Best practices

From BCOeditor Wiki
Revision as of 22:35, 9 August 2022 by Twang9 (talk | contribs) (→‎BioCompute Registry)
(diff) ← Older revision | Latest revision (diff) | Newer revision → (diff)
Jump to navigation Jump to search

General

  • The required domains are defined by the IEEE. However, a BioCompute Object is considered complete when an Error Domain exists.
  • Versioning is allowed, but only if the changes do not affect the workflow or output. BCO versioning follows a minor.patch schema, no major versions are allowed (substantial changes result in a new BCO). Minor changes are things like a change of contact information for a contributor, patch changes are things like spelling and grammar fixes.
  • In general, any step that does not transform data does not need to be included in the Description Domain as a formal step, and can be described instead in the Usability Domain. For example, arranging rows and columns in a table, or formatting a figure. Steps that transform data should comprise their own step in the Description Domain.
  • The Usability Domain should contain enough information to enable a naïve user generally skilled in bioinformatics to understand the analysis. This means that references to commonly used resources (such as basic Unix commands, well-known databases like NCBI, basic terms like “alignment,” etc.) do not need to be explained, but references to less well-known resources (such as obscure python packages, etc.) should be described. The description should be tailored to the intended audience, and BCOs intended for public consumption should assume a basic level of bioinformatics proficiency.

BioCompute Registry

The BioCompute Registry is a domain registry for BCO IDs in which users can register their institution or organization. Similar to a website registry, this will allow the owner of that domain to use any domain organization of their choosing, and prevent naming collisions between groups. For example, the owner of “GW” can build BCOs GW_0001.1, GW01A, GW_, or any other naming system of their preference, and these will not conflict with another registered domain, such as FDA_0001.1, etc. The BCO Registry registration numbers may not exceed five characters and are recommended to be three characters. Any alphanumeric characters are acceptable.

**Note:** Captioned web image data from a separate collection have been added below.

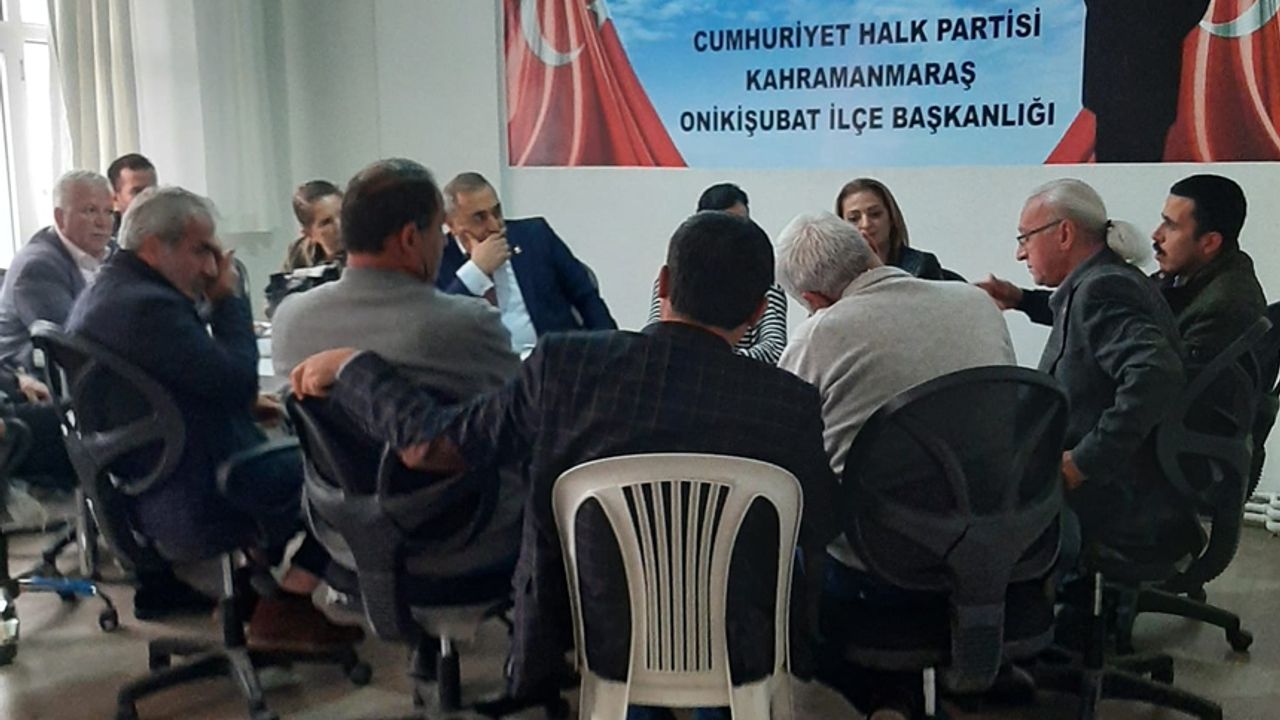 CHP Onikişubat, Yerel Seçimler için hazırlanıyor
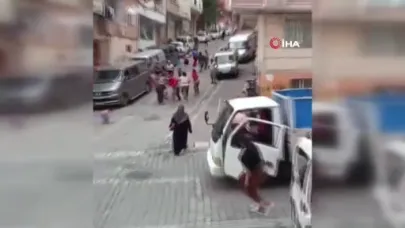 Komşuların Kavgasında Ortalık Savaş Alanına Döndü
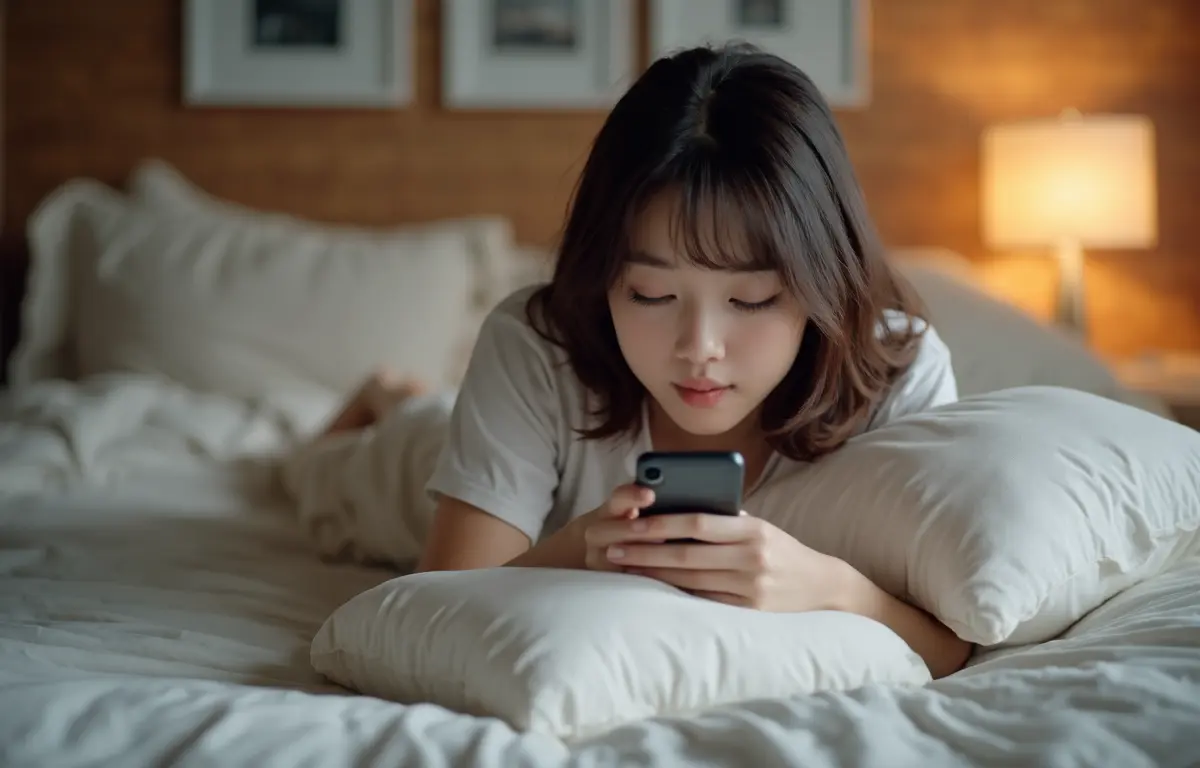 うつ伏せスマホをやめられない人のための代替姿勢と環境調整法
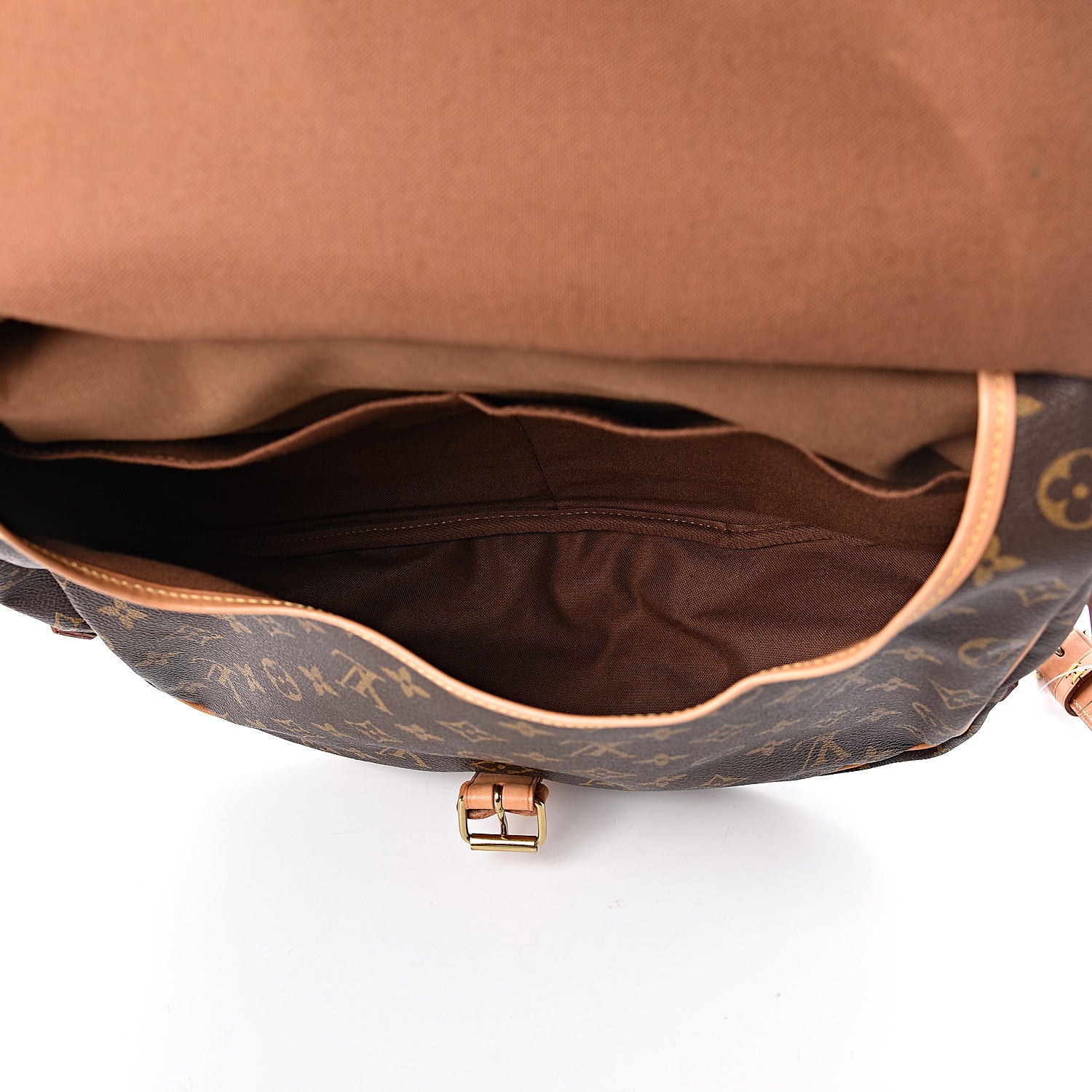 Louis Vuitton Monogram Saumur 35 5 of 11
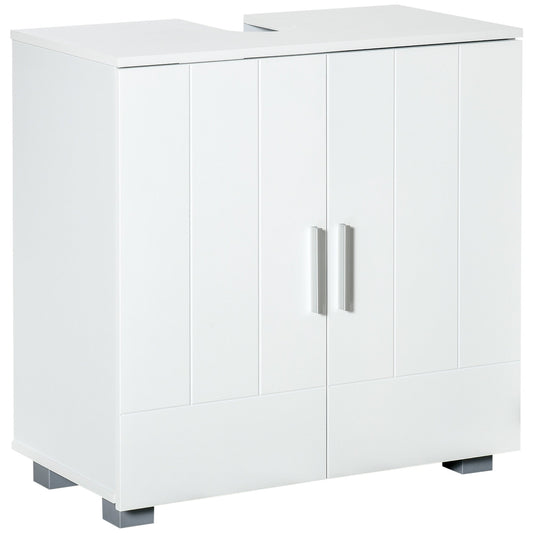 White Bathroom Sink Vanity | 60x30x60cm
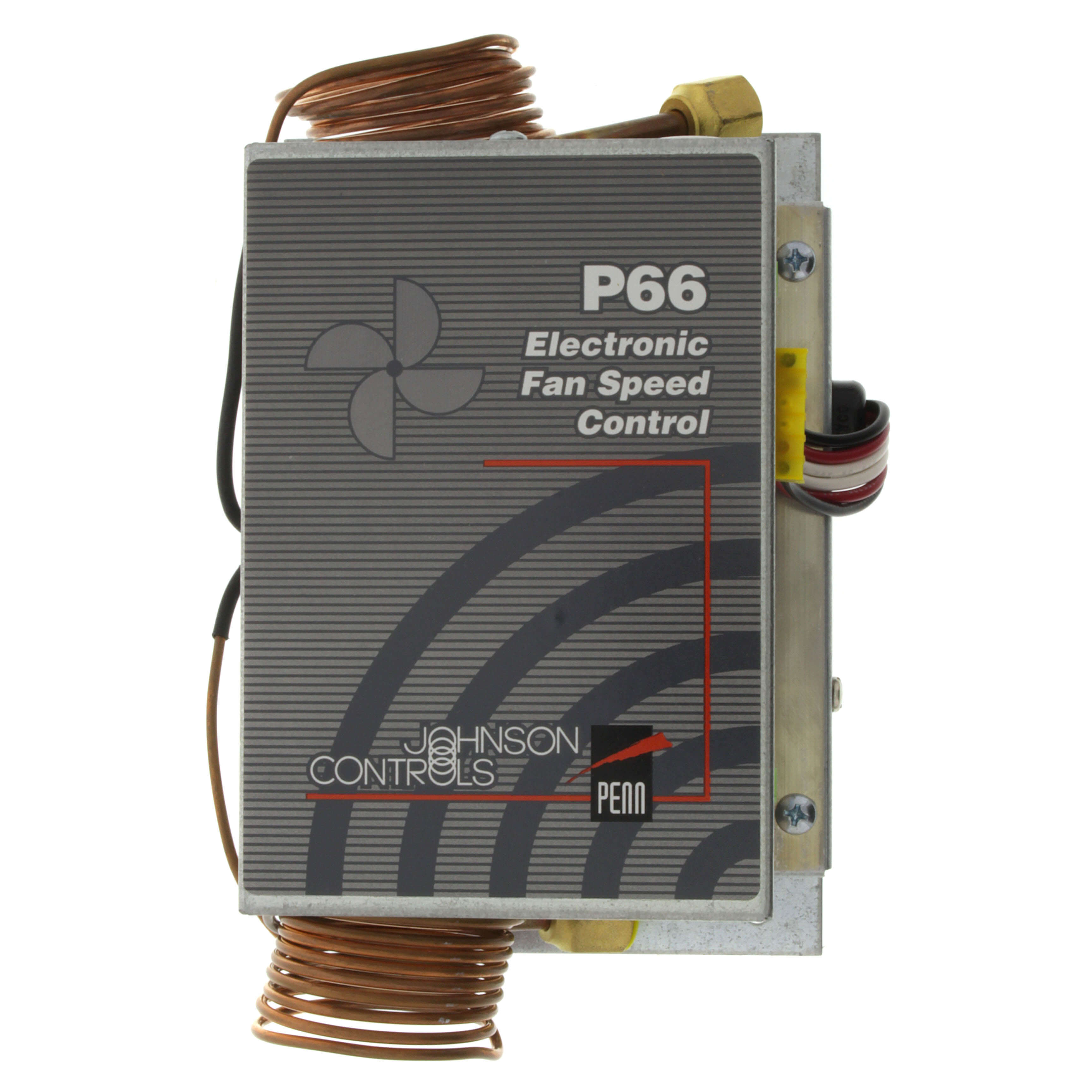 JOHNSON CONTROLS Johnson Controls P66BAB-1C Electronic Fan Speed Controls 60 Capillary 190-250 PSIG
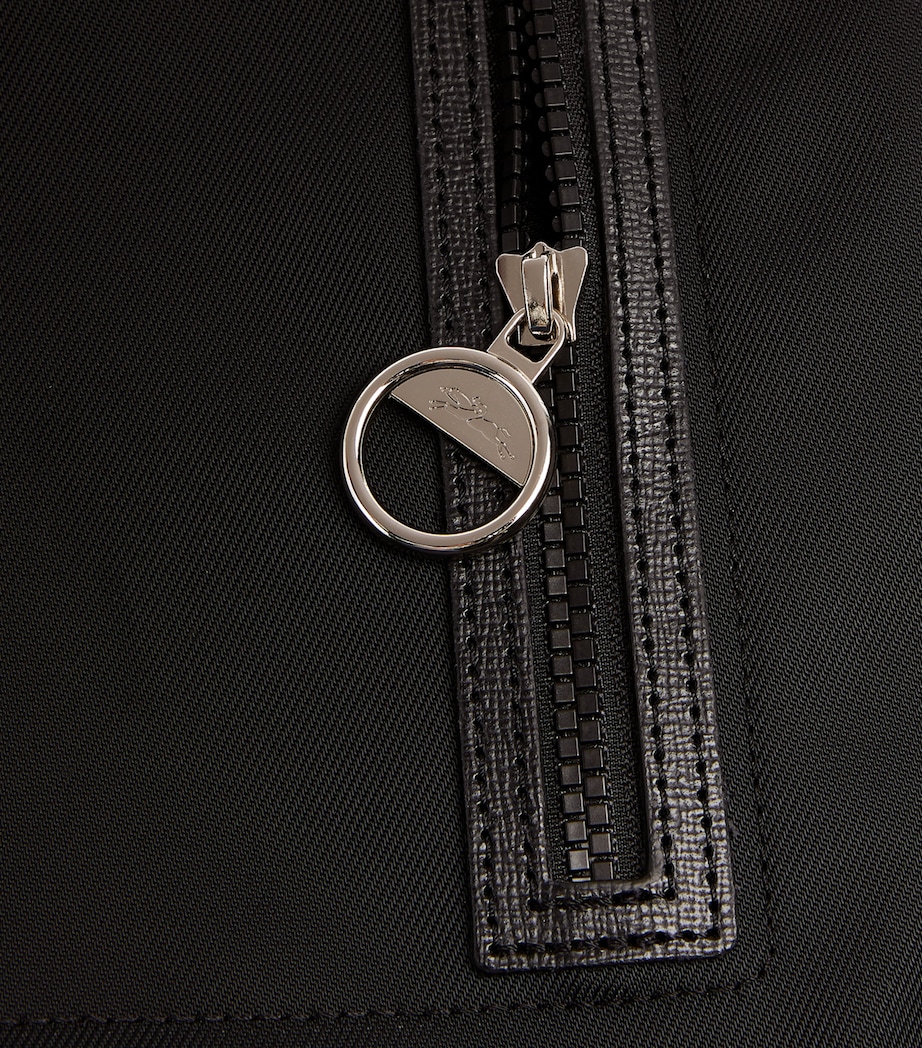 Large Le Pliage Energy Backpack 001 BLACK Image 7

A BCO may be registered only by the author of the object, and the domain must be approved by the domain holder. Until automated systems are in place, register a BCO by sending the BCO ID and email of the registrant to the [BioCompute Team](mailto:keeneyjg@gwu.edu). The following institutional domains have been reserved:

  • GWU
  • FDA
  • NIH
  • CDC
  • NCI

Preferred Ontologies

Semantic Versioning

BCO versioning should adhere to semantic versioning to establish how version numbers are assigned and incremented. Given a version number MAJOR.MINOR.PATCH, when versioning a BCO increment the:

1.MAJOR version when you make incompatible API changes

2.MINOR version when you add functionality in a backward-compatible manner

3.PATCH version when you make backward-compatible bug fixes. Additional labels for pre-release and build metadata are available as extensions to the MAJOR.MINOR.PATCH format.

PAV Ontology and PROV-O

To preserve the provenance of each BCO, the contribution type of the reviewers and contributors is a choice taken from PAV ontology: provenance, authoring, and versioning, which also maps to the PROV-O. The following are possible values for the status of an object in the review process:

  • unreviewed flag indicates that the object has been submitted, but no further evaluation or verification has occurred.
  • in-review flag indicates that verification is underway.
  • approved flag indicates that the BCO has been verified and reviewed.
  • suspended flag indicates an object that was once valid is no longer considered valid.
  • rejected flag indicates that an error or inconsistency was detected in the BCO, and it has been removed or rejected.

Namespace: CURIE

The external references field contains a list of the databases and/or ontology IDs that are cross-referenced in the BCO. The external references are used to provide more specificity in the information related to BCO entries. Cross-referenced resources need to be available in the public domain. The external references are stored in the form of prefixed identifiers (CURIEs). These CURIEs map directly to the URIs maintained by identifiers.org. See Section 3.5 for a list of the CURIEs used in this example.